Chapelier Fou - Deltas Art et mathématiques sont deux domaines qui s'adorent et si les matheux ne sont pas forcément de grands artistes, nombreux sont les artistes à avoir jouer avec les mathématiques. Si la peinture s'est allègrement amusée avec les nombres (d'or ou pas), en musique, il est moins évident de faire la corrélation, même en écoutant du math-rock... Le Chapelier Fou joue fatalement avec les chiffres depuis toujours mais cette fois-ci, il a noirci le trait en invitant des références à se mêler dans ses titres.

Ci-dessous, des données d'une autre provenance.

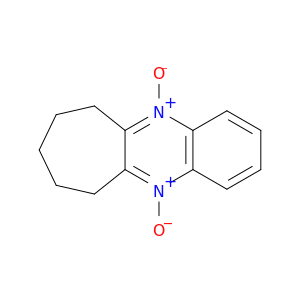 6H-Cyclohepta[b]quinoxaline, 7,8,9,10-tetrahydro-, 5,11-dioxide
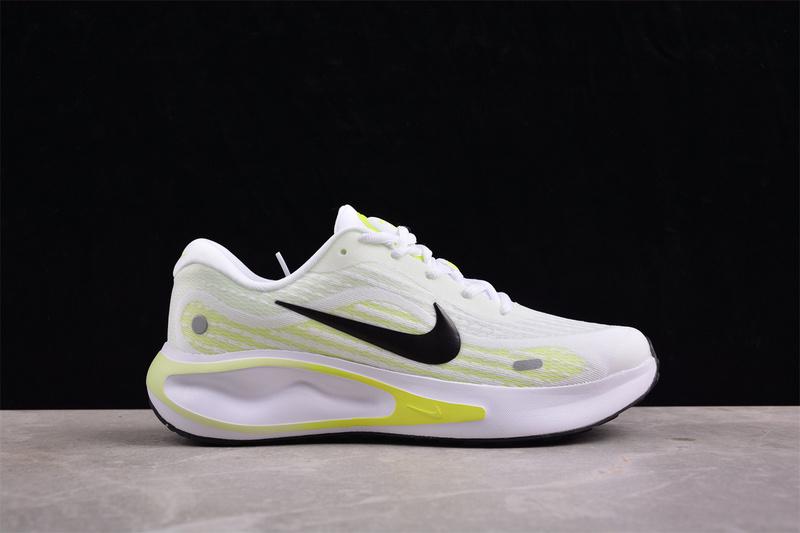 Nike Journey Run "White Barely Volt" фото № 2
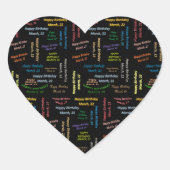 22 maart, 22 maart Sticker (Voorkant)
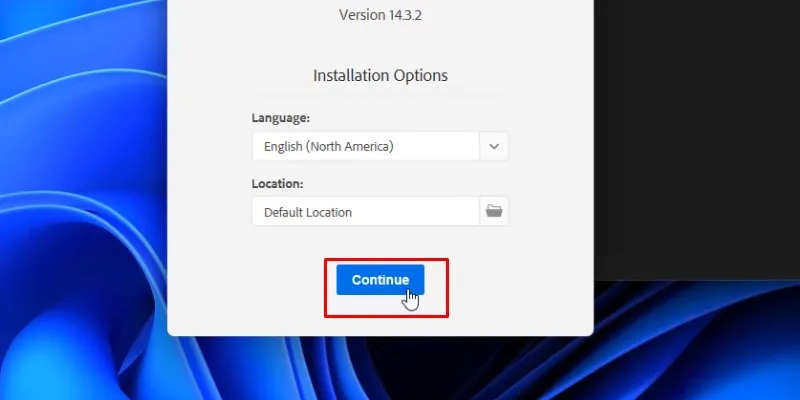 Adobe Premiere 2020 Hướng Dẫn Tải Và Cài Đặt 15 bấm continue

Dès l'artwork, c'est évident, la géométrie est belle et bien là, même si elle reste assez floue et surtout colorée, Chapelier Fou est tout sauf binaire et si ses compositions sont ciselées, elles sont également libres et n'apprécient guère les cadres classiques et la rigueur... mathématique. Le titre de l'album est une autre pièce à verser au dossier : Deltas, point de géographie fluviale ici mais davantage le symbole du changement, au pluriel, ils seraient donc plusieurs même s'ils ne sont pas si évidents que ça, tant ce nouvel opus s'inscrit dans la lignée des précédents, avec peut-être un peu moins de violon ? Ensuite, c'est dans les noms de piste que Louis place des références évidentes qui viennent en percuter d'autres : "La guerre des nombres" (ou comment remixer H. G. Wells), "Triads for two", "Pentogan 3.14" (ou comment un changement de lettre vous déforme un mot, à noter que Pi n'est présent que là alors que si "Grand Arctica" et son rythme marqué avait duré 5 secondes de moins...) ou moins évidentes... Comme ce "Pluisme" que je vois comme la contraction poétique de "prisme" et "pluie" ou ce "i_o" qui peut être interprété comme le passeur de 0 et de 1 d'un appareil à l'autre. Comme toujours, Chapelier Fou apporte plein de choses, son imagination n'est pas forcément la même que la nôtre, sans texte, cette interprétation reste personnelle et chacun pourra se construire la sienne. Musicalement, c'est pareil, on peut chercher à découvrir des symboles, des messages mais je préfère me laisser porter par les mélodies, les samples, les rasades de violon, c'est tellement plus simple et plus agréable... A cette enseigne, dénotent le tip top "Tea tea tea" dansant, la douceur de "Carlotta Valdes" qui procurera quelques Sueurs froides aux plus timorés mais aussi "Tickling time" où Gérald Kurdian vient (de nouveau) poser sa voix. Depuis Invisible, les deux artistes ne se quittent plus : après avoir apporté son instrument sur un titre ("Celebration") de l'album de son comparse (La solidité des choses (The strength of things)), le Messin et le Parisien travaillent encore ensemble pour ce morceau très doux où les parasites s'éclatent avec des notes très pures.

Jamais facile à appréhender, la musique de Chapelier Fou est à vivre comme une expérience, alors certes, chez soi, ça demande de l'attention et soit de l'abandon soit de la concentration mais en live, c'est un immense plaisir et quand on l'a connu une fois, il est bien plus aisé de s'y replonger. Si tu n'es pas convaincu par ces titres, va à la rencontre du Chapelier Fou, tu y reviendras forcément. C'est aussi sûr que deux et deux font quatre.